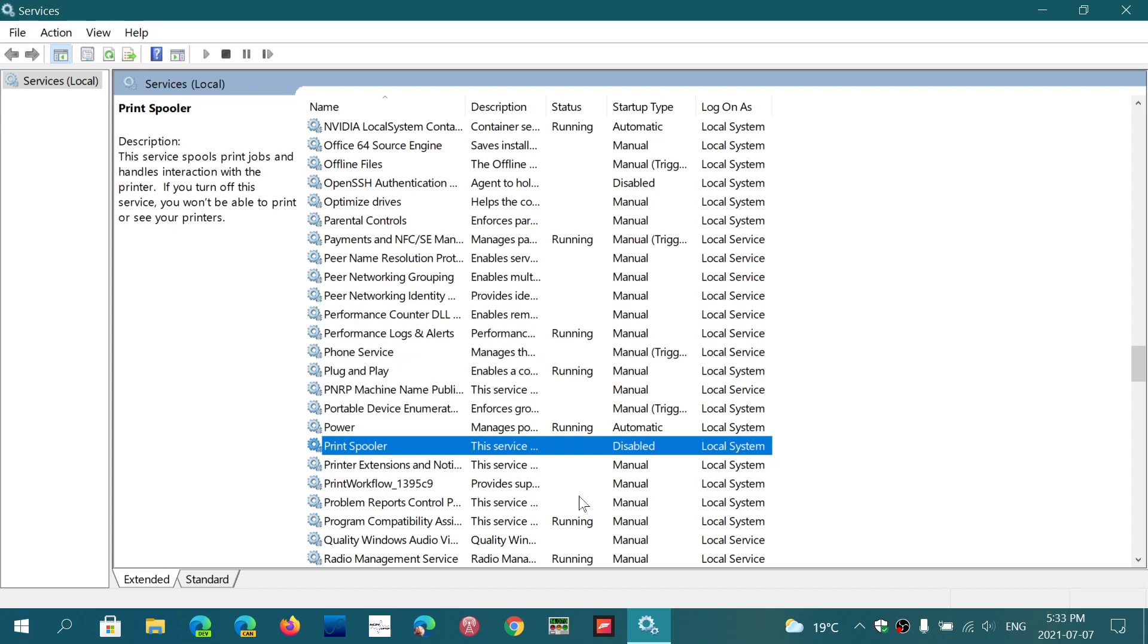Remember that you won't be able to print, and that if you eventually get a printer, you will need to have this reactivated to print. You might want to reactivate it after the update is done.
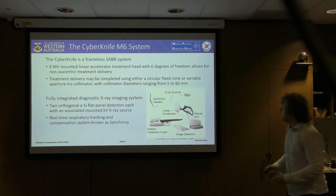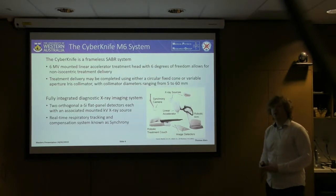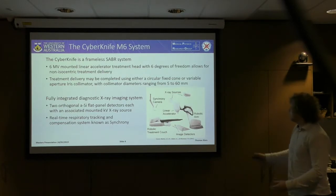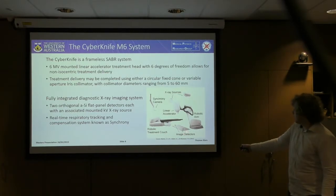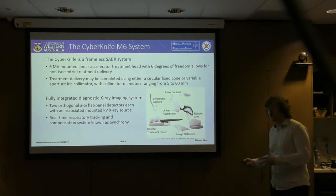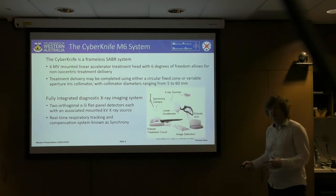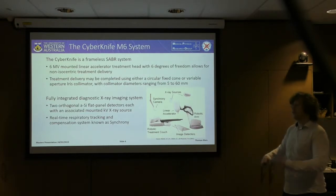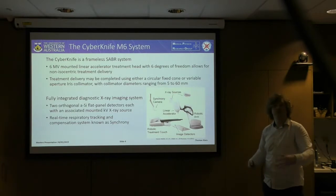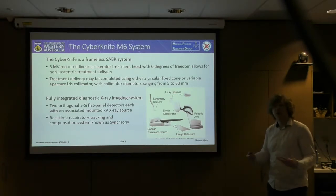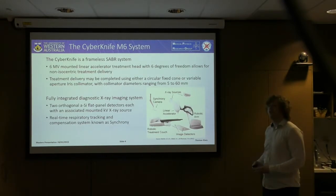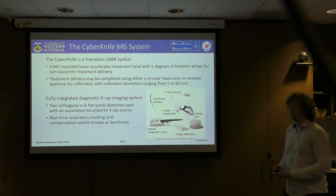You can see the collimator here. Perhaps the most important part of the CyberKnife system is that it's fully integrated with a diagnostic x-ray imaging system, consisting of two amorphous silicon flat panel detectors, each with an associated x-ray source capable of acquiring images during treatment delivery. These images feed back in a feedback loop to the linear accelerator head, allowing the robot's position to be adjusted during treatment delivery to follow the moving tumour in the lung, enabling real-time respiratory tracking and compensation — known as the Synchrony system.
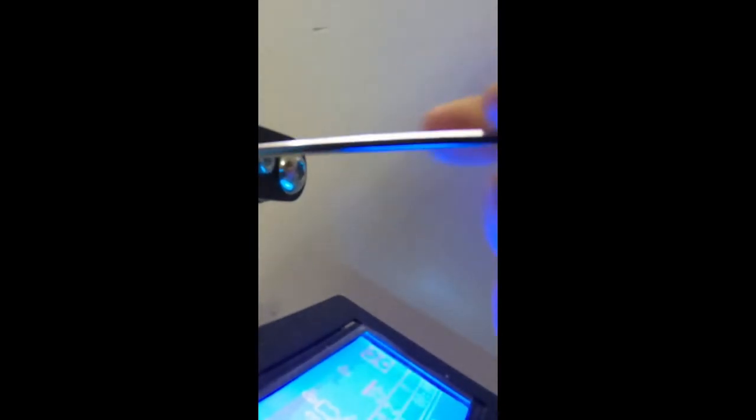Once you have loosened the two screws on the x-axis tensioner, you need to pull on the tensioner—not too hard but not too loose—and then tighten the two screws that we just loosened on it.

**PROBLEM DETAILS**
Reproduce the listing above exactly, but skip the pictures.

**EXPECTED ANSWER**
Remember that you won't be able to print, and that if you eventually get a printer, you will need to have this reactivated to print. You might want to reactivate it after the update is done.
You can see the collimator here. Perhaps the most important part of the CyberKnife system is that it's fully integrated with a diagnostic x-ray imaging system, consisting of two amorphous silicon flat panel detectors, each with an associated x-ray source capable of acquiring images during treatment delivery. These images feed back in a feedback loop to the linear accelerator head, allowing the robot's position to be adjusted during treatment delivery to follow the moving tumour in the lung, enabling real-time respiratory tracking and compensation — known as the Synchrony system.
Once you have loosened the two screws on the x-axis tensioner, you need to pull on the tensioner—not too hard but not too loose—and then tighten the two screws that we just loosened on it.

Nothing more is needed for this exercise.